Son Excellence Yossi Gal (ambassadeur d'Israel), Paul Schaffer, Madame Simone Veil, Général Georgelin (chancelier)

Paris, Hôtel de Salm - 19 mars 2013

Monsieur le grand Chancelier de l’Ordre de la Légion d’Honneur,
Madame le Ministre d’Etat
Madame le Ministre
Messieurs les Ambassadeurs,
Monsieur Le Maire,
Messieurs les Grands Rabbins,
Mesdames et Messieurs les Présidents des diverses Associations,
Chers camarades rescapés,
Chers amis,      
Je souhaite à présent,  mon Général, vous remercier à plusieurs titres.
D’abord, bien sûr, pour avoir décidé de me promouvoir au grade d’Officier dans l’Ordre de la Légion d’Honneur.
Ensuite, pour avoir accepté de me remettre personnellement les insignes du grade.
Enfin, parce que vous avez relaté avec une grande sensibilité mon parcours.
Merci aussi d’avoir accueilli mes invités dans ces lieux imposants, chargés d’histoire, et où l’on n’entre qu’avec respect et émotion.
Ma joie n’aurait pas été complète si je n’avais à mes cotés, en ce moment exceptionnel, Simone, mon amie de toujours, ma compagne de déportation.
 
Qui aurait osé imaginer, il y a soixante-huit ans, lors de la « Marche de la mort », quand nous étions des milliers de morts-vivants à nous trainer sur les routes enneigées d’Allemagne, qui aurait imaginé, qu’un tel honneur serait un jour accordé par la République à ceux d’entre nous, qui par miracle ont survécu et ont encore pu offrir leurs services à la société ?.
 
En pénétrant dans ces lieux pour y être honoré, permettez-moi, Monsieur le Grand Chancelier, de redire les mots très émouvants prononcés par Jean d’Ormesson quand il accueillit Madame Simone Veil sous la Coupole de l’Académie :
 
«  Je pense, dit-il,  avec émotion, à tous ceux et toutes celles qui ont connu l’horreur des camps de concentration ; le souvenir de tous entre  ici  avec vous ».
 
Dans le même esprit, entouré ici de mes camarades, rescapés comme moi, je souhaite, à mon tour, la présence, même chimérique, de nos Martyrs.
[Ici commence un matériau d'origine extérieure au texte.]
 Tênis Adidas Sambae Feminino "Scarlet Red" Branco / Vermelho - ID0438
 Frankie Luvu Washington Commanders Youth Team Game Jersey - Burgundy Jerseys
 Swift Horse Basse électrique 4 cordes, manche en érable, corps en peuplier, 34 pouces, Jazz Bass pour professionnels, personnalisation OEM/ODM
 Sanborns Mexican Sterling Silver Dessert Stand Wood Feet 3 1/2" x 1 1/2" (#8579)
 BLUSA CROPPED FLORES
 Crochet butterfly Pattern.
Je veux partager avec chacun d’eux, une part de l’honneur qui m’échoit et leur permettre de retrouver, au-delà des années, la reconnaissance de leur dignité, de leur humanité, dont ils ont été si cruellement dépouillés.
 
Nous, les survivants, ne les avons  jamais oubliés, car « ne meurent définitivement que ceux dont on ne parle plus » !
 
Il nous a fallu parfois du temps pour raconter.
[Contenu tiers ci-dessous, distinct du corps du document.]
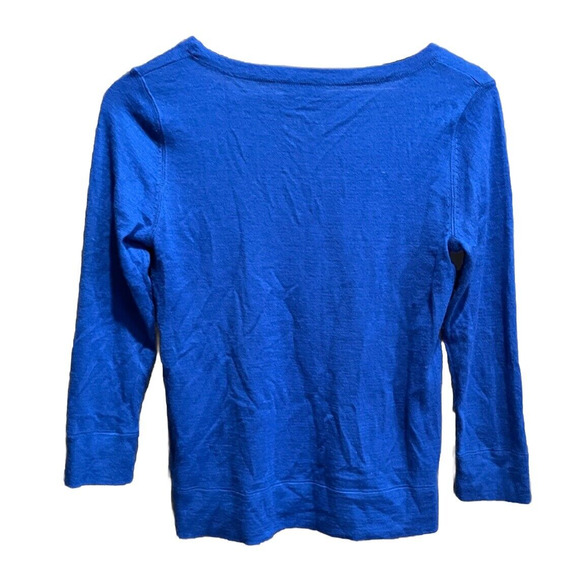 ATM Blue 100% Cashmere Long Sleeve Crew Neck Women's Sweater Size Small - Picture 2 of 5
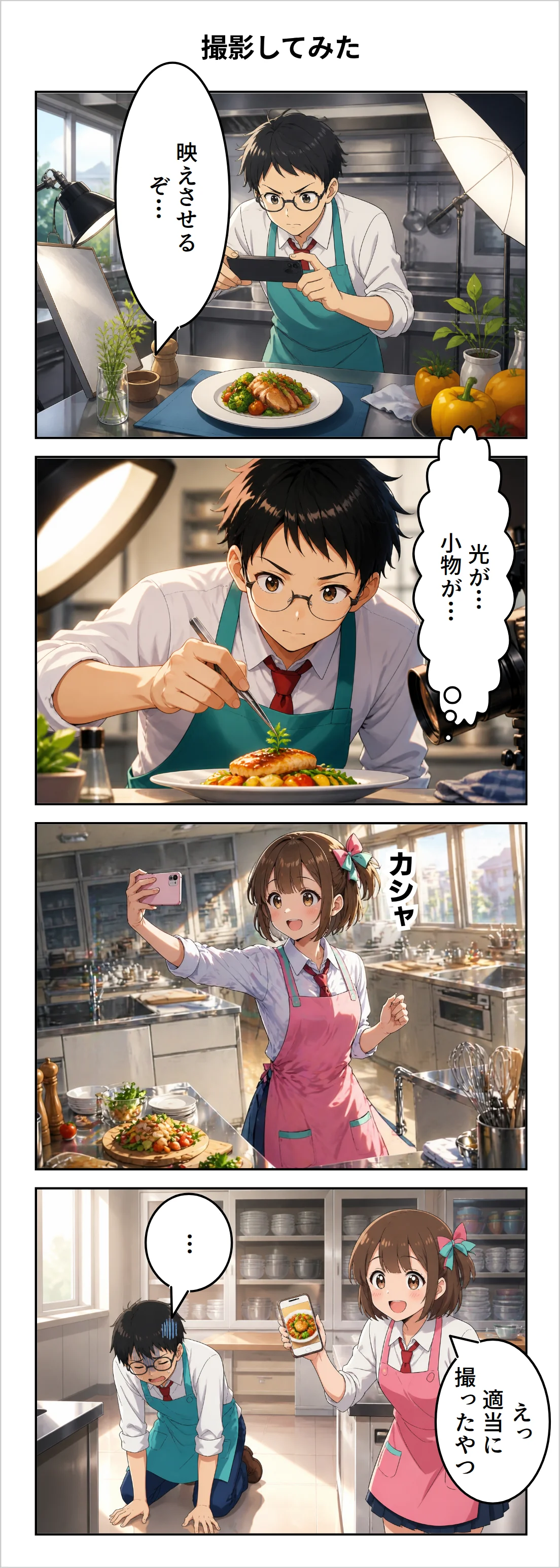 【4コマ】第57話: 撮影してみた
Il était difficile d’évoquer les souffrances endurées.
Il était douloureux de parler des conditions inhumaines et inimaginables dans lesquelles nos enfants, nos femmes et nos parents furent assassinés ! 
 
Pourtant nous l’avons fait, car nous étions convaincus que le souvenir du mal servirait de bouclier.
 
Sans épargner nos forces, ni ménager notre temps, nous continuons d’escorter encore maintenant des visiteurs sur les lieux du crime, et de parler de nos supplices.
 
Qui, en effet, mieux que nous, peut dire l’horreur de la barbarie ?
 
Comment répondre autrement « en ce monde, à la terrible obstination du crime, si ce n’est pas par l’obstination du témoignage » ? Ainsi que l’écrivait Albert Camus. 
 
Comme mes camarades, je n’ai cessé d’aller dans des lieux de mémoire, dans les écoles, pour y expliquer l’inexplicable, raconter l’inconcevable aux élèves et leur laisser entre autres, les mêmes  messages : devenez des citoyens dignes et vigilants,  bannissez surtout la haine de l’autre, source de tous les crimes.
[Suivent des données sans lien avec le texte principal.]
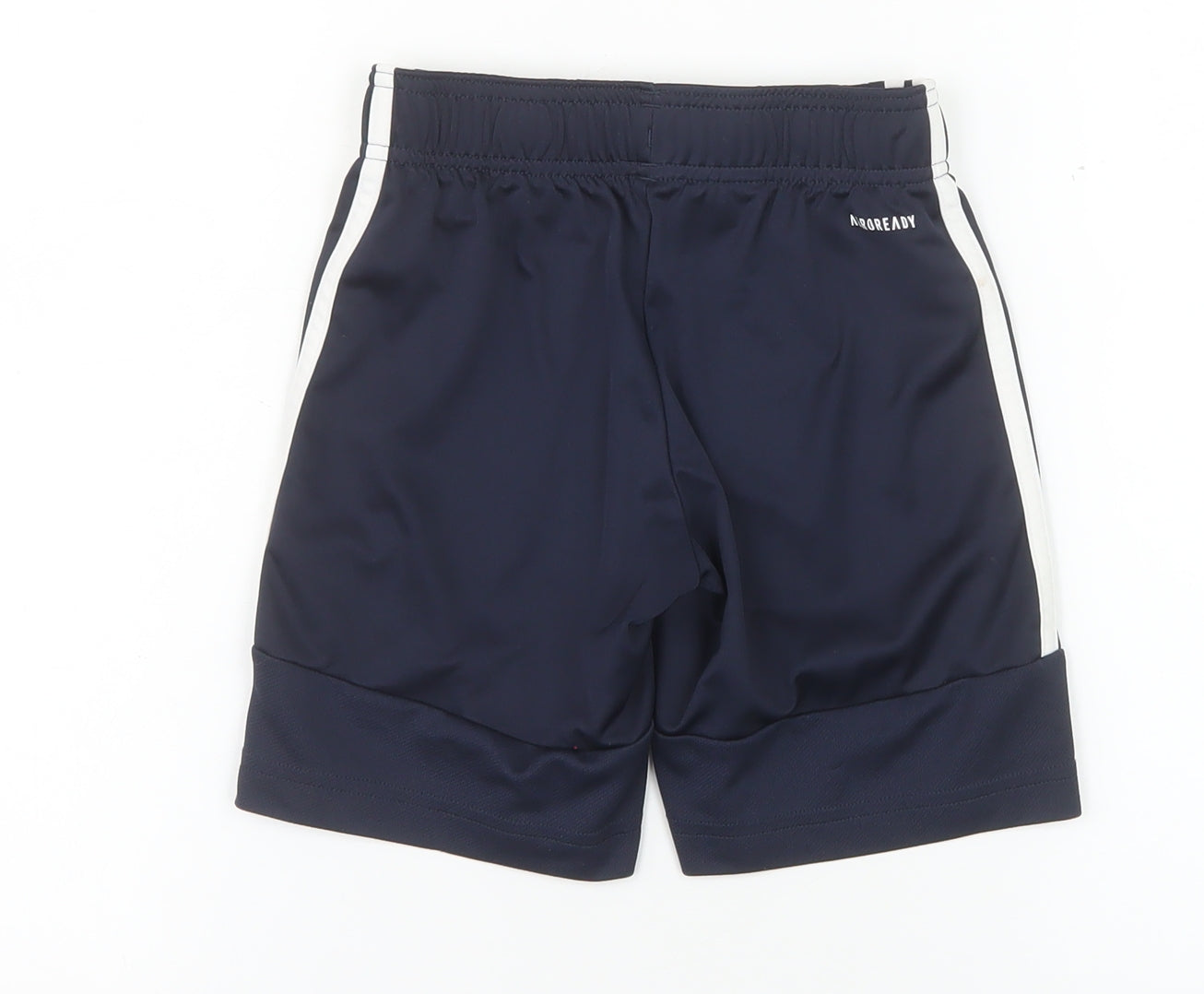 Adidas Boys Blue 7-8 Years Athletic Football Shorts Primegreen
Les réactions à mes témoignages ont toujours été à la hauteur de mes espérances: généreuses, affectueuses, réconfortantes. Elles ont été même au-delà, puisque c’est à la demande de nombreux élèves que j’ai écris mon histoire ; «  Le Soleil voilé » légèrement édulcorée en raison des destinataires.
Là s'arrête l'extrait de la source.